Darin Hoover, the father of Marine Staff Sgt. Taylor Hoover, told Fox News’ Sean Hannity that Biden checked his watch every single time a flag-draped coffin was removed from the hold of the Air Force C-17 Globemaster plane during Sunday’s ceremony at Dover Air Force Base in the president’s home state of Delaware.
“They would release the salute and he looked down at his watch on every last one,” Hoover said. “All 13, he looked down at his watch.”
Mark Schmitz — whose 20-year-old son, Marine Lance Cpl. Jared Schmitz, died in the attack — corroborated Hoover’s story.
“I actually leaned into my son’s mother’s ear and I said, ‘I swear to God, if he checks his watch one more time …’,” Schmitz recalled, “and that was only probably four times in. I couldn’t look at him anymore after that, just considering, especially, the time and why we were there. I found it to be the most disrespectful thing I’ve ever seen.”
Schmitz also told the Washington Post of an outburst that occurred toward the end of the ceremony when one woman allegedly shouted at Biden, “I hope you burn in hell! That was my brother!”
Schmitz added that his family’s own meeting with Biden prior to the ceremony “didn’t go well.”
“He talked a bit more about his own son [Beau Biden] than he did my son,” Schmitz said, “and that didn’t sit well with me.”
“When he just kept talking about his son so much, it was just — my interest was lost in that. I was more focused on my own son than what happened with him and his son,” Schmitz told the Washington Post. “I’m not trying to insult the president, but it just didn’t seem that appropriate to spend that much time on his own son.”
During the meeting, Schmitz reportedly took out a photo of his son to show to the president.
“I said, ‘Don’t you ever forget that name. Don’t you ever forget that face. Don’t you ever forget the names of the other 12,’” he said. “‘And take some time to learn their stories.’”

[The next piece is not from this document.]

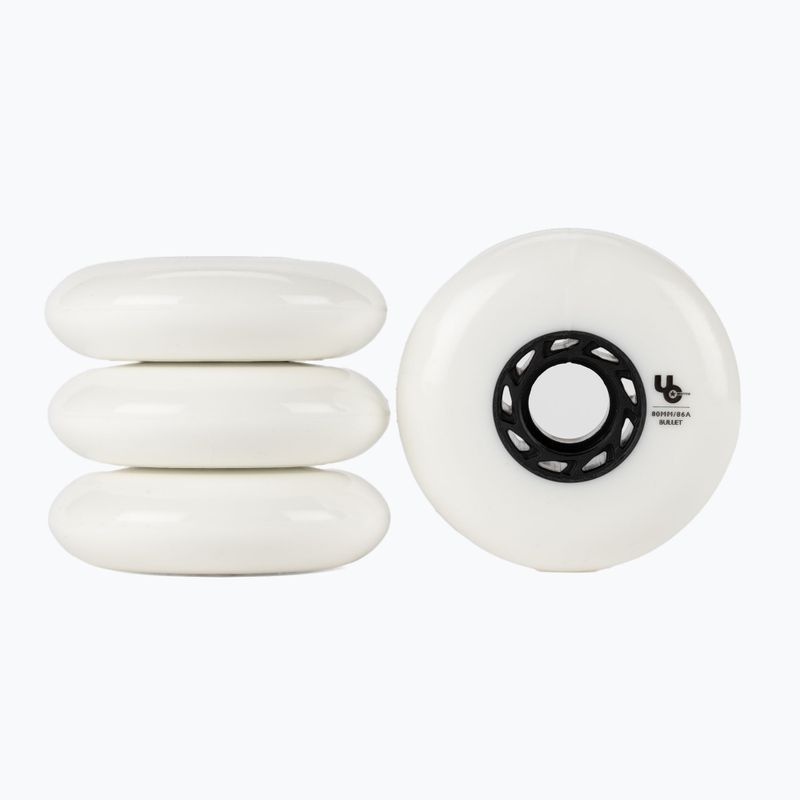 RUOTE UNDERCOVER Ruote rollerblade Team Bullet Radius 80 mm/86A 4 pezzi bianco.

Biden reportedly offered a blunt response: “I do know their stories.”
Hoover said he and his family declined to meet with Biden.
“We said, ‘Absolutely not.’ We didn’t want to deal with him,” he said. “We didn’t want — we didn’t want him anywhere near us. We as a family decided that was the way it was going to be.”
The Aug. 26 attack outside the Abbey Gate of Hamid Karzai International Airport killed 13 US service members — 11 Marines, a Navy corpsman and an Army soldier — and 169 Afghans. It was one of the final catastrophes visited upon the effort to evacuate Americans and their allies from Afghanistan — which concluded Monday with hundreds of Americans being left behind, along with thousands of Afghans who aided US-led forces during their two-decade military operation in that country.
In the days since the attack, many family members of the fallen have criticized Biden. Steve Nikoui told the Daily Beast that the president had “turned his back” on Nikoui’s son Kareem, another Marine who died at the airport.
On the same day, Schmitz told St. Louis radio station KMOX to “be afraid of our leadership, or lack thereof. Pray every day for the soldiers that are putting their lives at risk and doing what they love, which is protecting all of us. I think they’re the only ones that we can honestly say have our backs.”
The family of 20-year-old Marine Rylee McCollum has expressed the most anger toward the president, with his mother, Kathy, calling Biden “a dementia-ridden piece of crap who doesn’t even know he’s in the White House” in a radio interview.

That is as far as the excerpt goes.